Judge Sleet also concluded that Edwards had shown irreparable harm through potential price erosion and loss of sales, market share, and revenue. Id. at 6-13. The major argument from Medtronic against irreparable harm was that there exists a “countervailing consideration sufficient to trump the mandate that patent rights be enforced.” This public interest consideration is the possibility that enjoining Medtronic would “leave patients so at risk of inferior care or no care at all that the public interest requires Medtronic be allowed to sell the CoreValve Generation 3.” Id. at 13-14. Medtronic essentially argued that its product was a safer, superior alternative to Edwards’ products and that it should be permitted to continue selling its product to a class of patients regarded as “extreme risk” because in some cases those patients could not be helped by Edwards’ existing product or in other cases could not be helped by either Edwards’ existing product or its product being approved by the FDA. Judge Sleet rejected the first extreme risk patient argument because Edwards’ new product should be approved by the FDA in the near future. But Judge Sleet accepted the second argument, finding that “the public interest requires making some accommodation that would grant patients [who can only be treated by Medtronic’s devices] access to the CoreValve Generation 3.” Thus, Judge Sleet granted the motion for preliminary injunction in part, concluding that the injunction must be tailored because “the public interest weighs in favor of granting Edwards a preliminary injunction, subject to an accommodation for Medtronic to sell its devices to those patients who cannot be helped by Edwards’ devices.” Id. at 14-21.
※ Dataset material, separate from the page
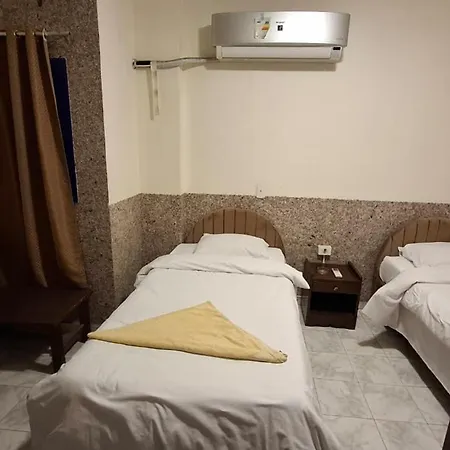 Canary Hotel-2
Judge Sleet also granted Medtronic’s request for “a stay of seven business days to ‘seek emergency relief in the Federal Circuit’ and ‘give hospitals some notice of what ha[d] happened.’” Id. at 2 n.4. Medtronic then filed an emergency motion with the Federal Circuit asking the court to stay the injunction. Medtronic urged the same arguments in the Federal Circuit as it had in the District of Delaware: public interest weighs in favor of denying injunctive relief and the patent is not enforceable because it has expired. The Federal Circuit agreed on April 15 to expedite the appeal and issued a decision on Monday, April 21 staying enforcement of the preliminary injunction. The Federal Circuit panel granted Medtronic’s motion to stay “pending further notice by this court” in a 2-1 order that did not further explain its rationale. Circuit Judges Rader, Prost, and Newman sat on the panel, with Judge Newman dissenting. The Federal Circuit will now review the preliminary injunction on the merits.